L'annonce a été faite ce vendredi 16 janvier. Fabien Roussel, maire sortant de Saint-Amand-les-Eaux (Nord), se présentera face aux électeurs lors des élections municipales des 15 et 22 mars prochain. Un test pour le secrétaire national du Parti communiste français, qui a en ligne de mire le scrutin présidentiel de 2027.
En 2024, à la suite de la dissolution, Fabien Roussel perdait son siège de député du Nord au profit du Rassemblement national (RN). Fragilisé par cette défaite, l’élu communiste a décidé de retourner à la conquête d’un nouveau mandat en se portant candidat à la mairie de Saint-Amand-les-Eaux (Nord), dont il est maire depuis janvier 2025. Il a annoncé sa candidature dans une lettre aux habitants de la ville thermale, dans laquelle il dit souhaiter «cultiver le vivre-ensemble tout en veillant à la sécurité». Il fait notamment valoir le déploiement de la vidéosurveillance ou encore une stabilité de l'imposition au niveau local.
Un parachutage contesté
L’ancien maire communiste Alain Bocquet avait cédé sa place à Fabien Roussel en janvier 2025 après 30 ans à la tête de cette ville de 16.000 habitants près de Valenciennes. Cette succession a été fortement critiquée par ses opposants. Éric Renaud, ancien adjoint d'Alain Bocquet passé dans l'opposition et candidat aux élections de 2026, avait alors dénoncé un «remplacement illégitime» et de «minables intérêts politiciens». Lors du scrutin du 15 mars, outre Éric Renaud, Fabien Roussel sera opposé à Éric Castelain, conseiller municipal d'opposition soutenu par le RN, qui décrit sa liste comme «transpartisane».

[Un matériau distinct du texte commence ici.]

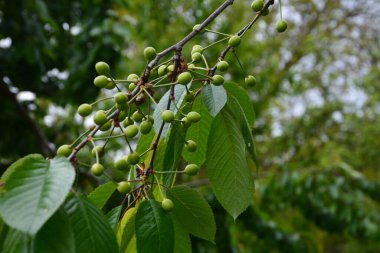 Bahçedeki bir ağacın üzerindeki olgunlaşmamış kiraz dalına yaklaş. Ağaç dalında genç, yeşil kirazlar. Prunus avium.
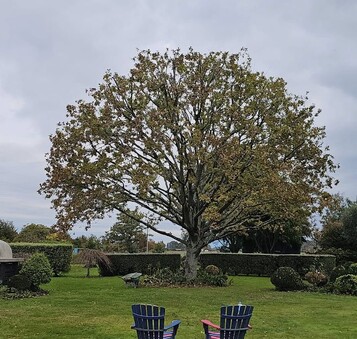 Let in more light by trimming trees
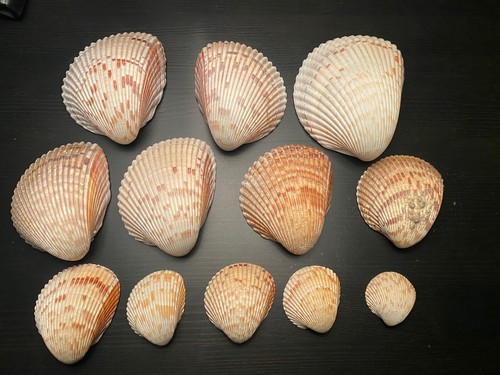 Muscheln muschelschalen - *, *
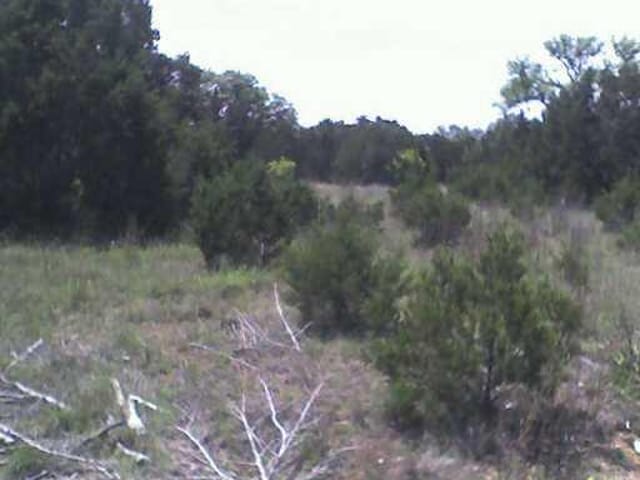 14208 Green Hills LOOP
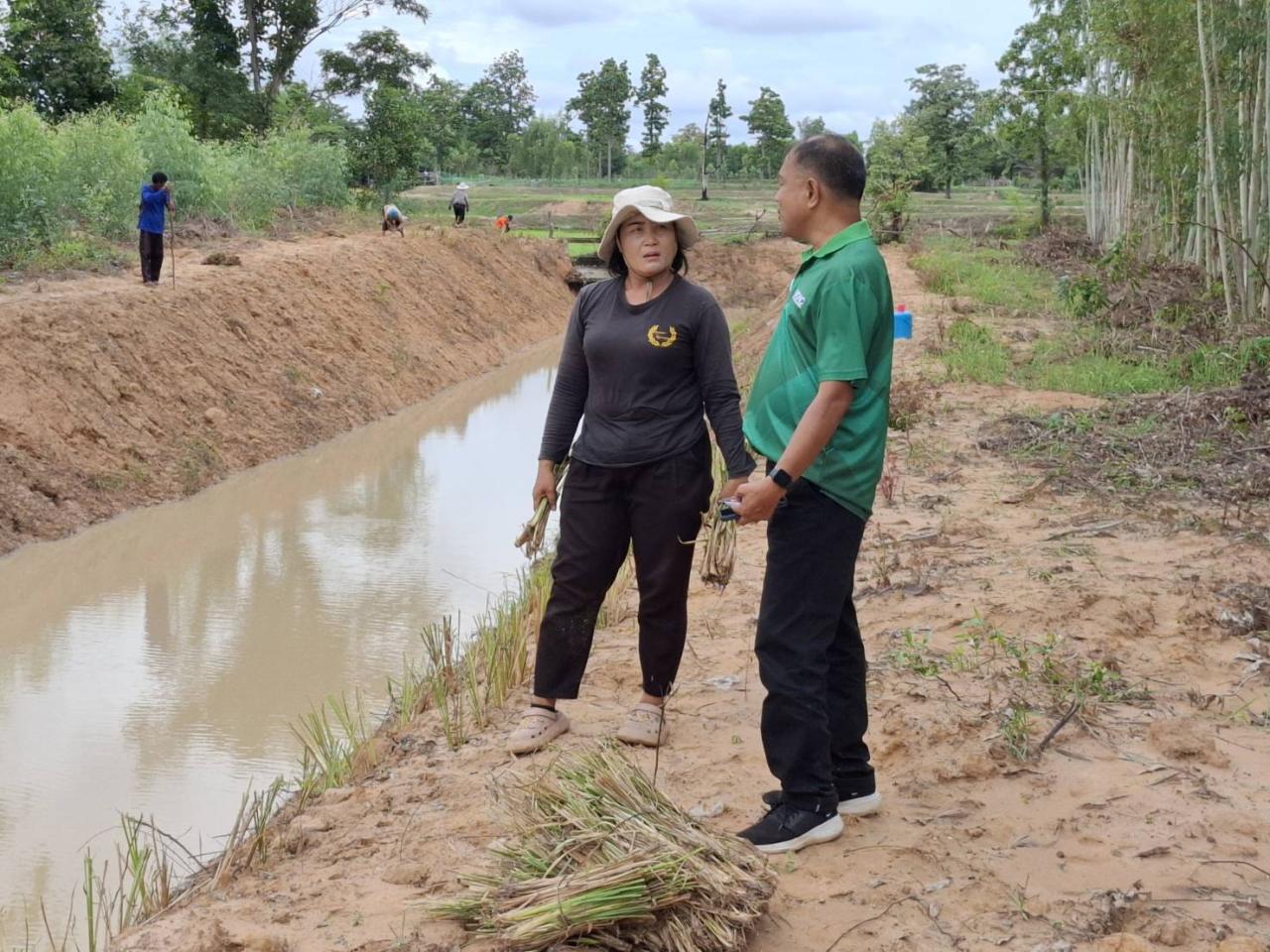 ภาพประกอบที่ 0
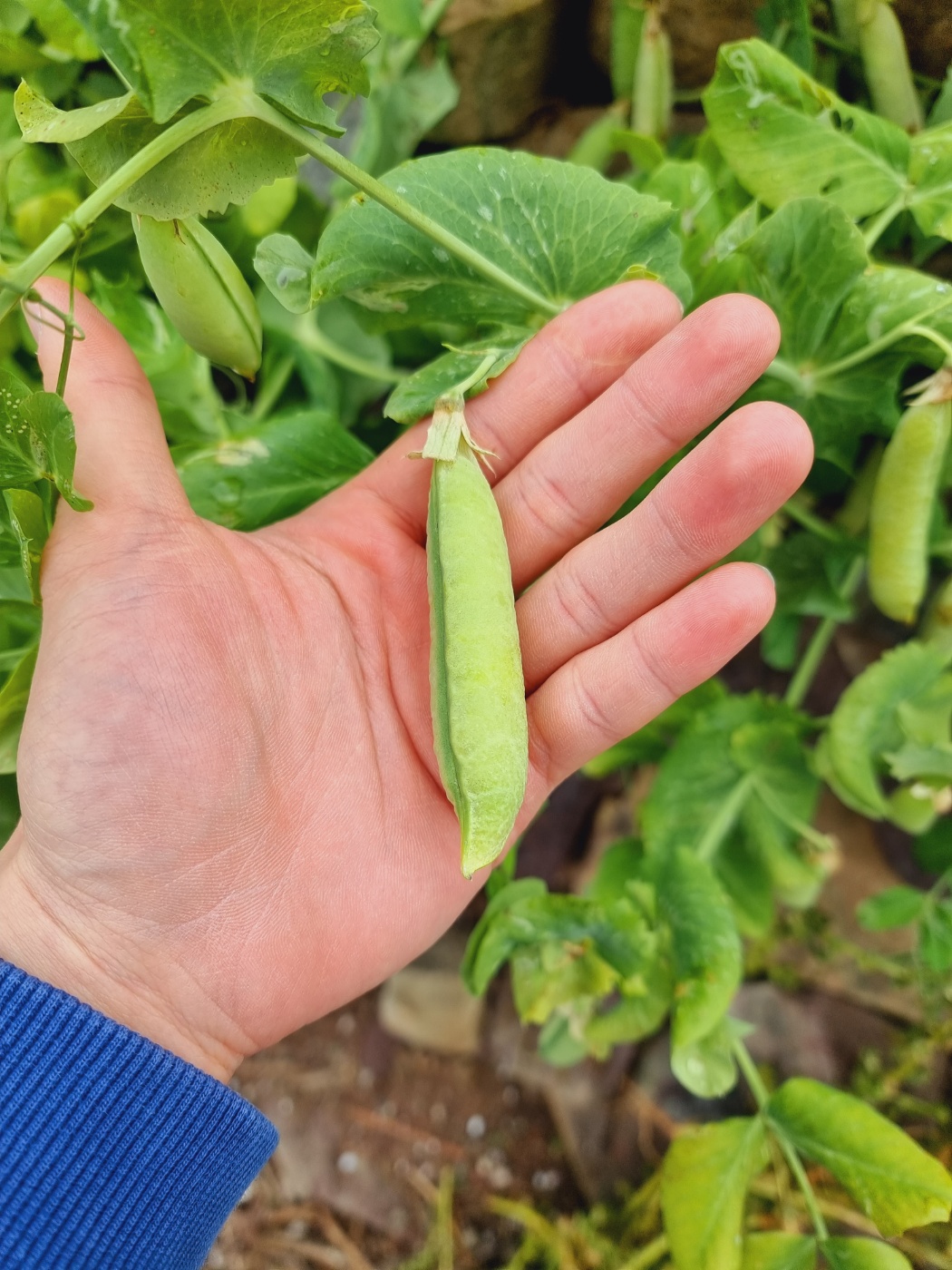 24년 국내산 햇 완두콩 1kg 이유식 깐완두콩 : 남해소띠농부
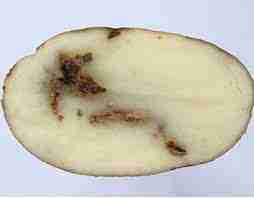 The flesh inside an infected potato will have brown, dry, cork-textured rings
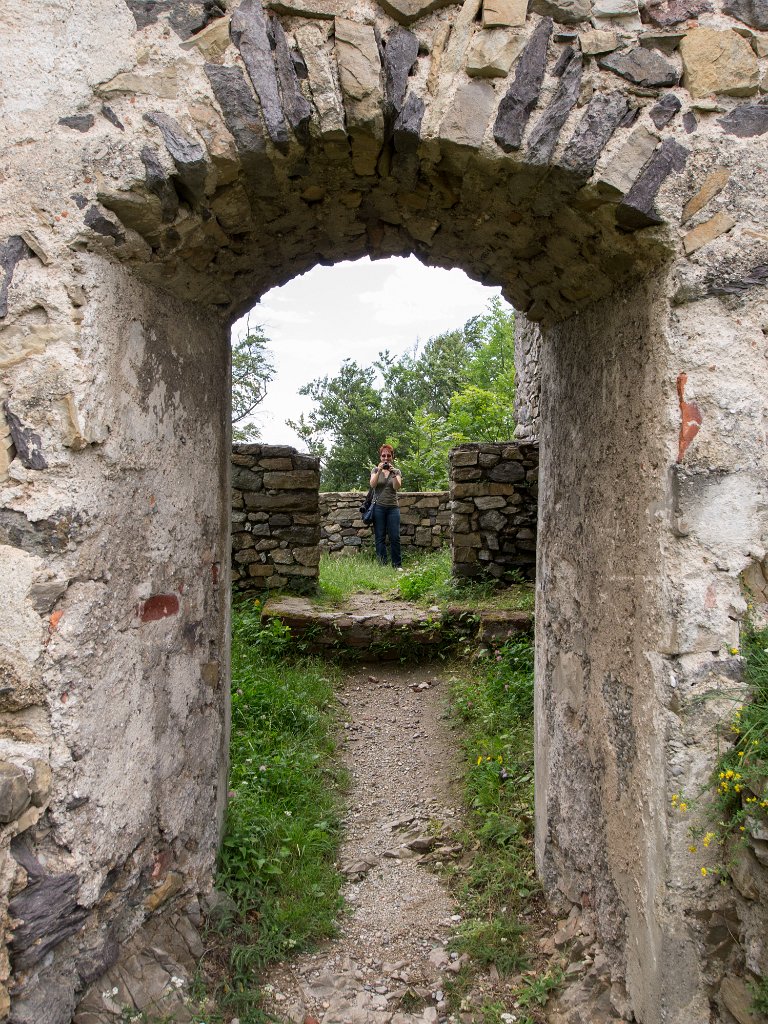 P7235781.jpg - OLYMPUS DIGITAL CAMERA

En 2020, Éric Renaud avait à l'époque obtenu 28,79 % contre 50,96 % pour Alain Bocquet, réélu au premier tour. Éric Castelain, qui avait alors mené campagne sans le soutien du RN, avait récolté 8,53 % des voix. Saint-Amand-les-Eaux «n'est pas une ville communiste», assure Éric Castelain : aux scrutins municipaux précédents, «les gens ne votaient pas communiste, ils votaient Bocquet», et l'absence du maire historique pourrait, selon lui, rebattre les cartes. Un échec aux municipales pour Fabien Roussel mettrait en péril son éventuelle candidature à l’élection présidentielle de 2027.